# What the exercise asks
When the line with "unfurnished bedroom featuring" appears below, start repeating lines exactly, and keep going through the line with "top view of"; add nothing outside that span.

(Data excerpts)
════════

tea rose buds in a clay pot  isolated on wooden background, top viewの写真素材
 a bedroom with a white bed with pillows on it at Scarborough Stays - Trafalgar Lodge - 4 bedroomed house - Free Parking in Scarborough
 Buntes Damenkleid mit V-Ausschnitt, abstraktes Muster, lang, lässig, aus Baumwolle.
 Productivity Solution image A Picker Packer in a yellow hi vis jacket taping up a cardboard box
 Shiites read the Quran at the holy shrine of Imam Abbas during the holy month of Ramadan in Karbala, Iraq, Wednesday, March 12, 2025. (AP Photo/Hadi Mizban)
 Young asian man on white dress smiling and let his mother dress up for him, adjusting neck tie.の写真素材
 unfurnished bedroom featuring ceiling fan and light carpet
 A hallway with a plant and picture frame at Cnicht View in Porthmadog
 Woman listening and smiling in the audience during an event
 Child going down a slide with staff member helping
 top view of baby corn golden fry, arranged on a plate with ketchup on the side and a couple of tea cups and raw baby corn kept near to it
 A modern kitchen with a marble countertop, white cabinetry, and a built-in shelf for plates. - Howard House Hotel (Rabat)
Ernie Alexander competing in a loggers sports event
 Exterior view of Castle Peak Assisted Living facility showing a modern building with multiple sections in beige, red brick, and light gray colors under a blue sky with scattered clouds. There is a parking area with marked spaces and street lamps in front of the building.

════════

# Solution to this problem
 unfurnished bedroom featuring ceiling fan and light carpet
 A hallway with a plant and picture frame at Cnicht View in Porthmadog
 Woman listening and smiling in the audience during an event
 Child going down a slide with staff member helping
 top view of baby corn golden fry, arranged on a plate with ketchup on the side and a couple of tea cups and raw baby corn kept near to it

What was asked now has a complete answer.